## [Try it]
Where a line in the data below includes the word "stainless", count it. State the total and nothing more.
*** Dataset entries Section Begins ***
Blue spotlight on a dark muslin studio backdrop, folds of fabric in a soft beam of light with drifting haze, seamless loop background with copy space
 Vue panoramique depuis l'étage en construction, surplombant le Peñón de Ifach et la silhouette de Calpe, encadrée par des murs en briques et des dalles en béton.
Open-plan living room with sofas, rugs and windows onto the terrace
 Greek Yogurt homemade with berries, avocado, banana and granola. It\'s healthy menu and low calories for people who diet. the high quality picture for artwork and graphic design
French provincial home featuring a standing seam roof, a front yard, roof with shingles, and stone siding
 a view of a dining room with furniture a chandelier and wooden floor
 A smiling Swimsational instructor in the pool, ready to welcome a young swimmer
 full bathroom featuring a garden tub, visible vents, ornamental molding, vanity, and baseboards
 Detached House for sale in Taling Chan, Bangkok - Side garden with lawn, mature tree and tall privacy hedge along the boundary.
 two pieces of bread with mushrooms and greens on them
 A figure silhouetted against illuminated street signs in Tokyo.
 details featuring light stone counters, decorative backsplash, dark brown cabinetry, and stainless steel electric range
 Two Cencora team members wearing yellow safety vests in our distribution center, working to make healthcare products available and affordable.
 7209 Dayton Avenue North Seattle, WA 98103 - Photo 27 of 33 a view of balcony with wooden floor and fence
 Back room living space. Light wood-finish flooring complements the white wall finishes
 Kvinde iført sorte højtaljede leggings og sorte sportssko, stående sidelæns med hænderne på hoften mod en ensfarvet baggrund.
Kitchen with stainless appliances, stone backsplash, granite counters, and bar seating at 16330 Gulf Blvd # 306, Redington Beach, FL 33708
*** Dataset entries Section Ends ***
## [Finished exercise]
2